Ou mieux, revenir juste au moment de sa rencontre avec Kurt pour TOUT revivre à nouveau… Oh ! Faire un saut dans le temps. Revenir à Dalton, redescendre l'escalier et se faire arrêter encore et encore par ce garçon inconnu qui se croyait un grand espion sans même porter l'uniforme de l'école. Blaine sourit en secouant la tête, perdu dans ses délicieux souvenirs. Il avait eu tellement de chance que ce soit lui que Kurt arrête au milieu de tous les élèves…. Lui prendre la main et l'entrainer en courant dans ce couloir désert… qui, en y repensant, n'était absolument pas un raccourci ! Entrer en salle de répèt' avec lui, lui arranger son col si naturellement qu'on aurait dit une vieille habitude dans une autre vie et l'abandonner un très court instant pour aller chanter. Devenir SON Teenage Dream… Oui, Blaine donnerait cher pour revenir à cette époque annonciatrice de tous les bonheurs. Lorsqu'ils avaient enfin été en couple (mon dieu ! Ils avaient attendu trop longtemps par sa faute !), Kurt lui avait souvent raconté (c'était d'ailleurs Blaine qui le suppliait à chaque fois de le lui raconter parce qu'il aimait trop l'entendre. Kurt se faisait faussement prier puis il se laissait aller parce qu'il adorait voir les yeux de Blaine pétiller en l'écoutant) combien il avait été ému par cette interprétation ; il avait même avouer une fois que c'était grâce à cette chanson qu'il était tombé amoureux du soliste.
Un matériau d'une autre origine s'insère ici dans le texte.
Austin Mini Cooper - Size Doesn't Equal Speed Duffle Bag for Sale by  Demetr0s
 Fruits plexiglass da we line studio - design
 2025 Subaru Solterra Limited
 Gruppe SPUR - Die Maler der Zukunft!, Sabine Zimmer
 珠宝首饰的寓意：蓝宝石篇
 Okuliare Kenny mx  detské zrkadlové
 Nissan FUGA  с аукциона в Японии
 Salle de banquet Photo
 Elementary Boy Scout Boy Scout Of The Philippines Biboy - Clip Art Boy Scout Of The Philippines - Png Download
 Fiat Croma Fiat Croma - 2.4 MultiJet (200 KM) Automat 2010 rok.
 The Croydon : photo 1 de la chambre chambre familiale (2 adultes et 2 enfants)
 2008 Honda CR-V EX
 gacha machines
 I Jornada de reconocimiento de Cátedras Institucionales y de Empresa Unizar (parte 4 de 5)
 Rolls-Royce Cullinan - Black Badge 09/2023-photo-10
Oui, définitivement, la chanson de Katy Perry avait joué un rôle crucial dans leur histoire. C'était le tout début… Bien sûr, c'était avant que Teenage Dream ne devienne leur... chanson de rupture. Fuck ! Blaine enfonça la tête dans son oreiller en gémissant. Même dans ses rêves, la cruelle réalité finissait toujours par le rattraper et lui crier au visage à quel point il avait tout gâché !

Non, ce soir, ça n'irait définitivement pas mieux. Comme Blaine ne voulait pas passer sa soirée à pleurer dans ses oreillers, il choisit la seule autre option qu'il connaissait, celle qui rythmait sa vie depuis sa rupture. Il se leva péniblement et descendit les escaliers jusqu'au garage. Là, il enfila sa veste, son casque et s'approcha d'une moto noire rutilante. La sienne. Il fit ronfler le moteur à s'en vriller les tympans et s'élança à toute vitesse sur l'asphalte. Toujours vers la même destination. L'oubli.